We are having a retaining wall rebuilt after reducing the height of our garden. The tree beds are varying heights around the edge of the garden and therefore the 9” wall steps up in one place from 0.8m to 1.5m and then back down again. See my crude artwork below.

As part of reducing the garden and building the wall, we have laid a concrete base for a summer house. The builder has proposed that given a fair bit of the retaining wall is going up to 1.5m due to the outside level of the ground, it would be less work to use those walls and continue the single skin to the front and remaining sides to create the walls for the garden room.

It makes sense and would mean we don’t lose any space as our plan previously was to build a timber framed building inside of those walls. The single skin would be studded and insulated on the inside.

Given the walls are against a flower bed, my concern is penetrating damp on those walls. The builder has explained something about DPC running as a tray between about 6 courses of brick/ block work but I’m not entirely sure I understand it. :unsure:

Can anyone suggest if this is a good or bad idea and do I have valid dampness concerns?

garden room.jpg
 
Perfectly sensible provided it's all properly waterproofed.
Thanks for the reply. So the waterproofing would be by way of this vertical DPC or are you suggesting other measures are required?
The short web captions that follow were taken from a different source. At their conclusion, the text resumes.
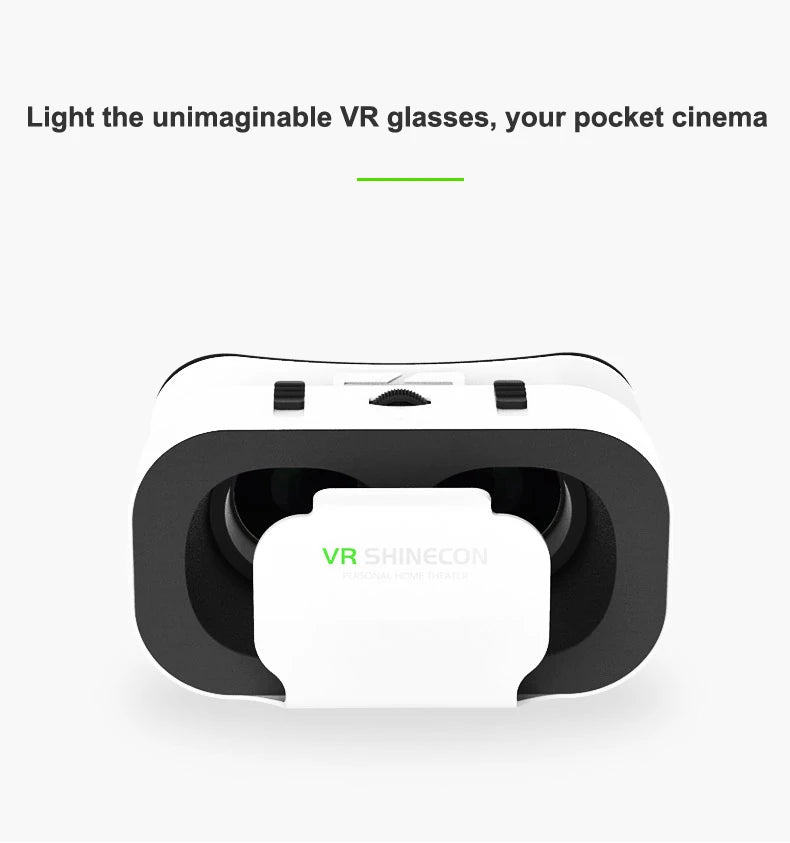 Ochelari mobili 3D VR digitali, potriviti pentru TV, filme si jocuri video .Compatibili cu iOS, Android .Dimensuni suportate: De la 4 la 7,7 inch.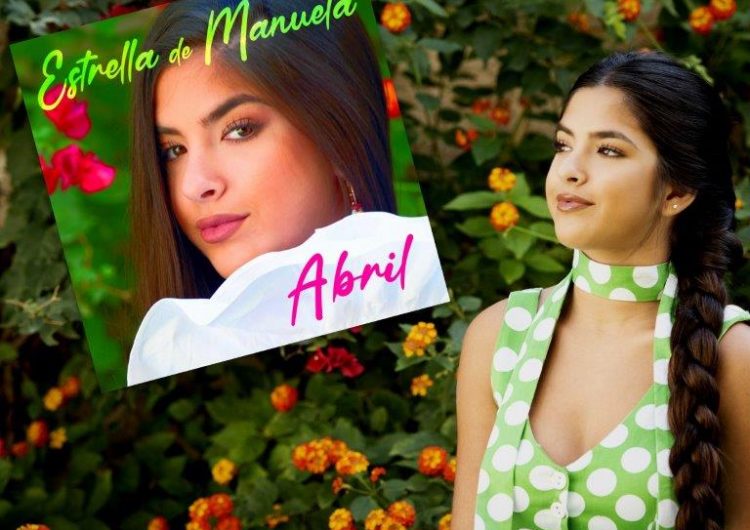 La jovencísima cantaora granadina Estrella de Manuela publica su primer álbum “Abril”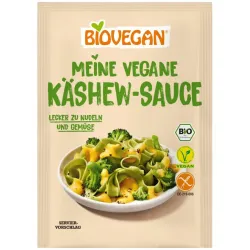 Mix bio pentru sos vegan cu caju, 25g Biovegan Mix bio pentru sos vegan cu caju, 25g Biovegan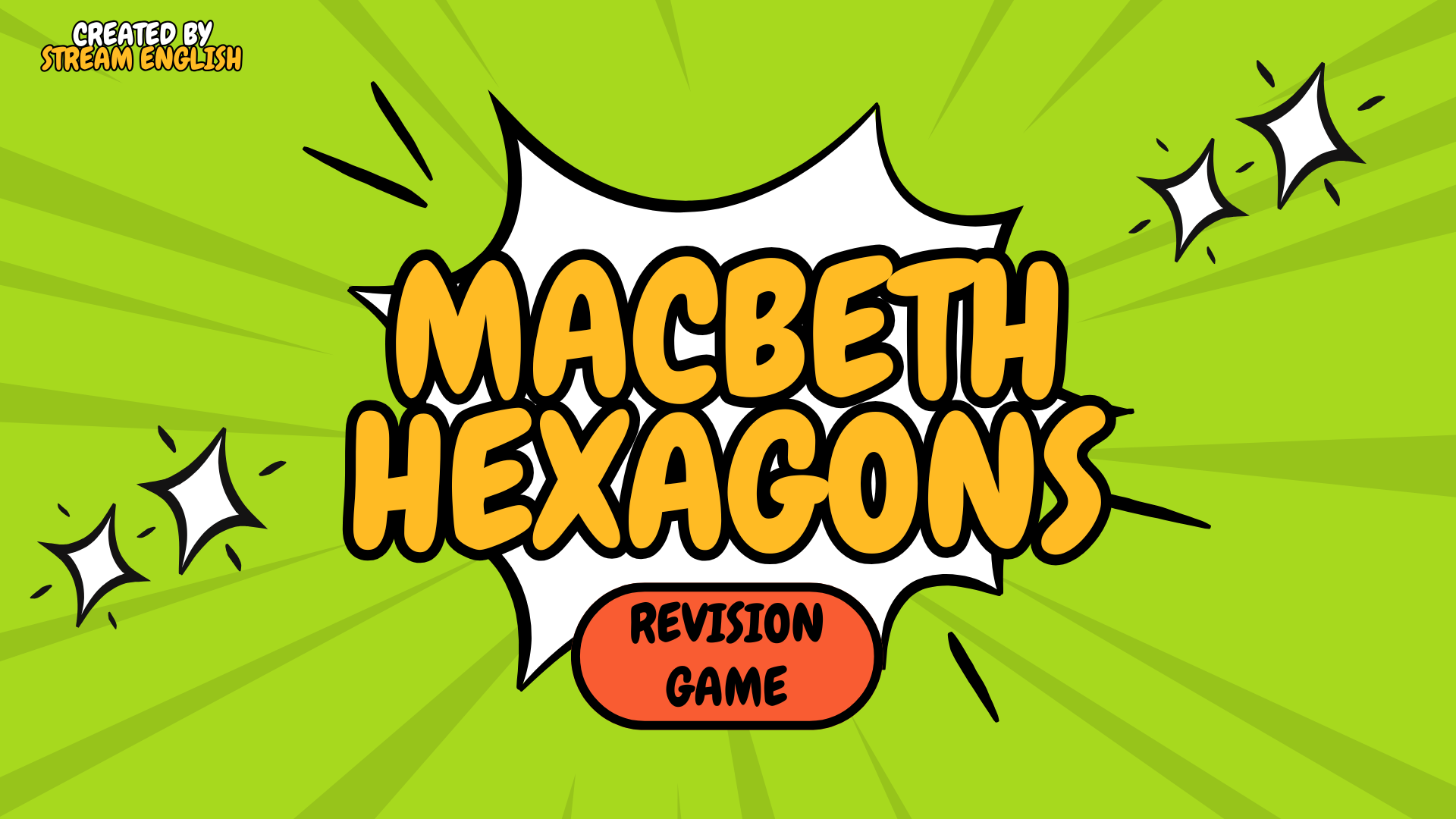 Macbeth Hexagons Game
If other measures, what would they be? Tanking the walls from the inside?
 
Waterproofing structures like this is perfectly possible but meticulous planning, detailing and attention during the build is essential to avoid mistakes. Suggest you do a section detail through the wall/floor to show us how you plan on building/waterproofing it and post it on here for comments.

BTW a single 9" block width wall is probably inadequate for 1.5m.